End-User LED Marketing
- Dialight, an industrial LED lighting manufacturer, is taking a page from vertical marketing and reaching end-users. The company is attending PaperCon 2015 in Atlanta. This pulp and paper show is this week in Atlanta.
Graybar
- As many know, Graybar announced 2014 sales of $6 billion (and $87M in net income … or 1.45%). After subtracting its datacom business, Canada and its utility business … all non-core businesses compared to full-line electrical distributors in the U.S., some have estimated that the US business may be around $4 billion (which may still be a little generous given the people we’ve spoken with have no idea regarding non-North America revenue). Reportedly “industrial business” has grown and the company wants to continue the industrial focus as indicated by their Advantage Industrial Automation acquisition.

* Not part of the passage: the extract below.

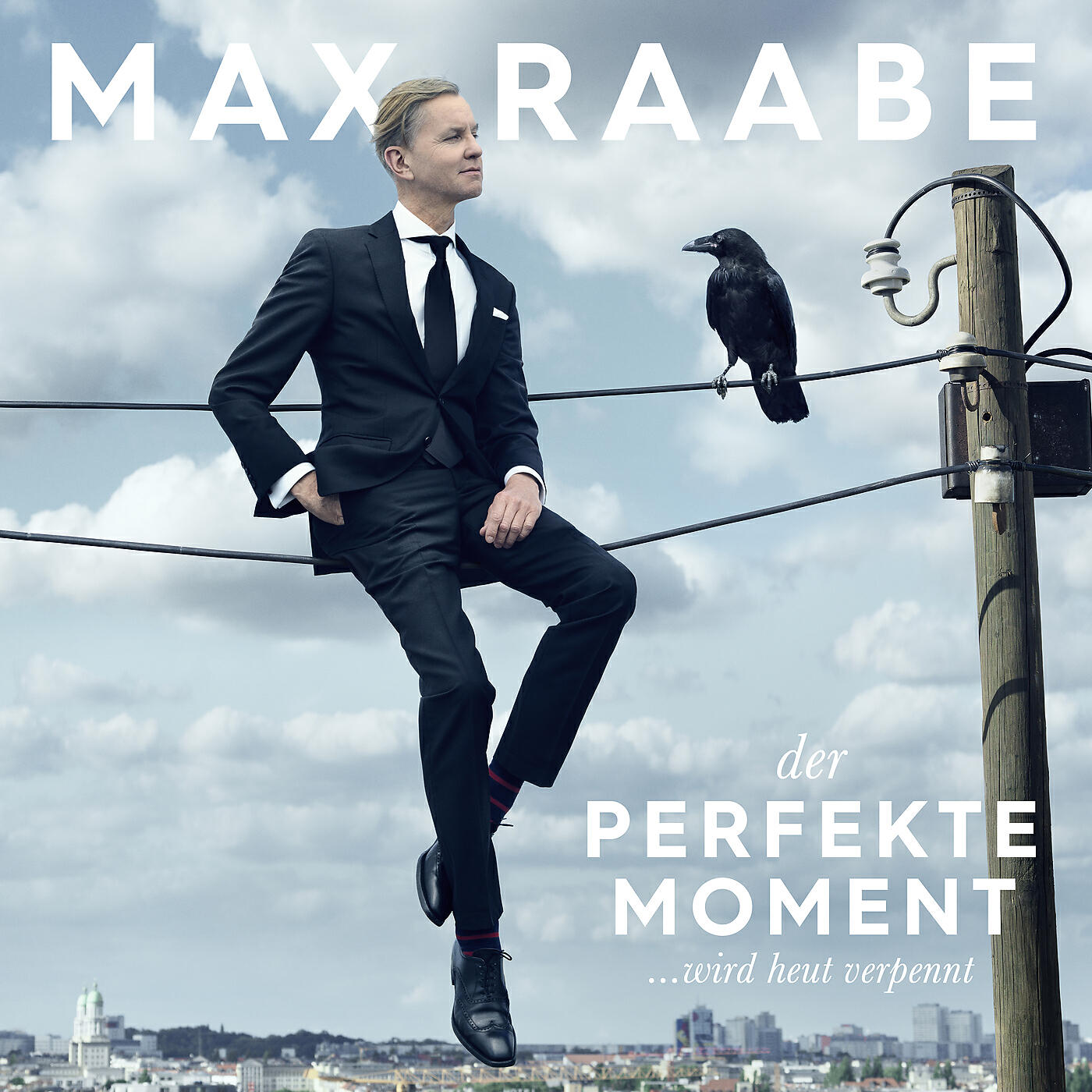 Постер альбома Der perfekte Moment… wird heut verpennt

- Grainger’s recent announcement that it is increasing its stock buyback program and commitment to permanent debt infers that it is confident it will continue to grow and be able to pay the interest on the debt while funding its dividend. In addition to the stock repurchase, the company reported:
- A 4% increase in US sales volume of which 2% was from sales growth. While there were the same number of sales days as in 2014, like many, it can be presumed that they lost a number of days for locations in the Northeast as well as Upper Midwest.

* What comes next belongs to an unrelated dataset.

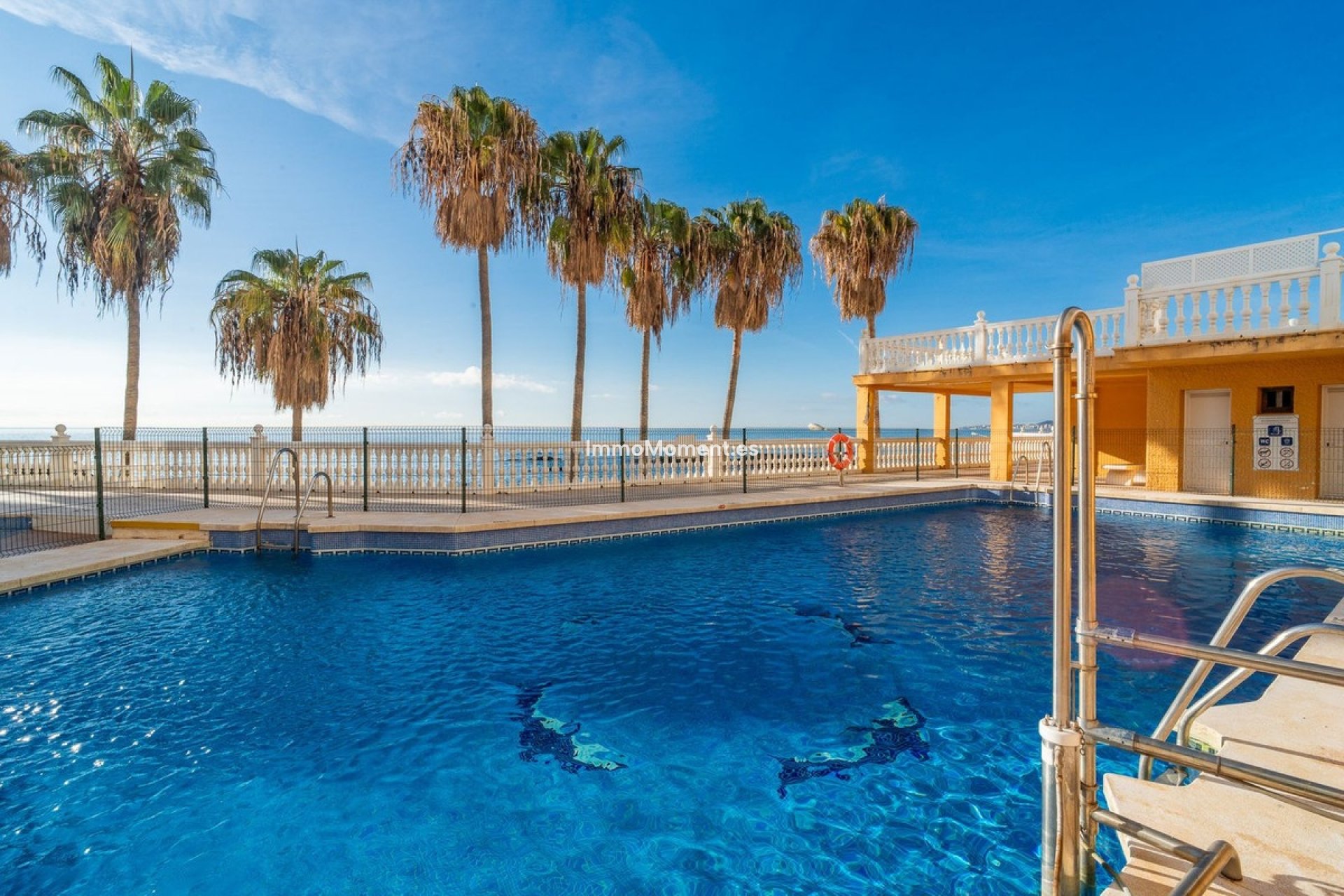 Wiederverkauf - Wohnung - Benalmadena - Benalmadena Costa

- According to Jim Ryan, Chairman, President and CEO, “This was a challenging quarter. Our results were affected by continued headwinds from the strong U.S. dollar and weakness in the oil and gas sector in North America. We remain encouraged by the growth achieved with large customers in our U.S. multichannel business and the customer acquisition strategy that is fueling our single channel online businesses. Given the opportunity for share gain and the solid progress we are making with our productivity initiatives, we continued to invest in growth and infrastructure programs.”

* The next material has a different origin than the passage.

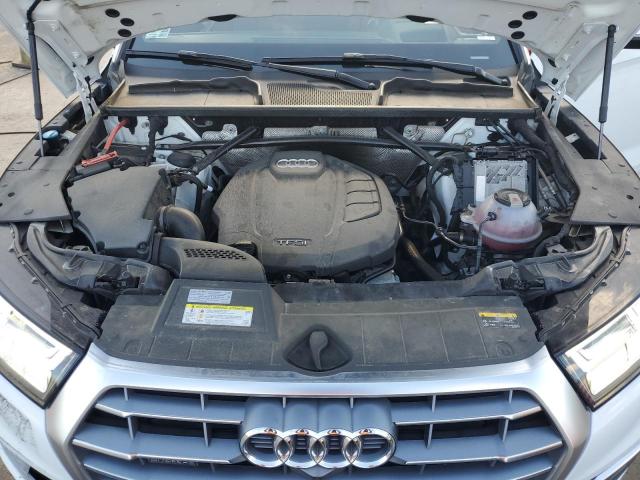 WA1CNAFY6K2088264 - 2019 AUDI Q5 PRESTIGE WHITE photo 12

- The company added 80 salespeople in Q1 and expects to add 400 this year.
What does this all mean? Grainger is committed to growth and sees more opportunities in the marketplace. From talking with distributors, they are seeing Grainger more and more in large industrial accounts … taking share of electrical MRO material. Frequently they question end-user decisions based upon pricing, however, the Grainger sale is “total cost of acquisition”, not product cost. They’ve sold higher-ups on the value of the procurement process … in other words they’ve changed the selling game. Which begs the question to industrially-oriented distributors, “do your salespeople know how to sell to higher level management?, do they know the contacts? can they carry the conversation? and, can you offer solutions that address “ease of doing business”?
- About 10 days ago we had someone ask, through the Anonymous Tip section, “Any news on the restructuring Rexel is planning and the branch closures?” We’ve heard of a couple of closures, some possible expansion, some possible hiring / investments and possible personnel changes but not much specificity (which is understandable) but, if a few are asking … It isn’t surprising that now that Brian McNally has had time to fully evaluate the business that he is making revisions / enhancements. If you’ve heard something definitive, feel free to share. Crowdsourcing information can be helpful if it is accurate and informative.
Data Centers
Interested in data centers. Check out this research from 451 Research. Some key points:
- Almost 30% of survey respondents said they expect to increase spending vs second half 2014. Companies with budgets greater than $1M are expected to increase the most.
- Only 15% of respondents reported that their data center is more than 20 years old, which is the expected life expectancy of a data center. And the older ones are, most probably, in government agencies, educational institutions or large companies.
- Only 17% of respondents expect to build a new data center in the next 2 years. Could this be due to the increase web services companies like Amazon Web Services, Microsoft Azure and Google’s offering? Cheaper to outsource than build?
- Upgrading data centers is a priority with 27% of respondents saying this is a “high priority”.
Hope you enjoyed this edition of Reading Round-up and that it provokes some thoughts. Share your input.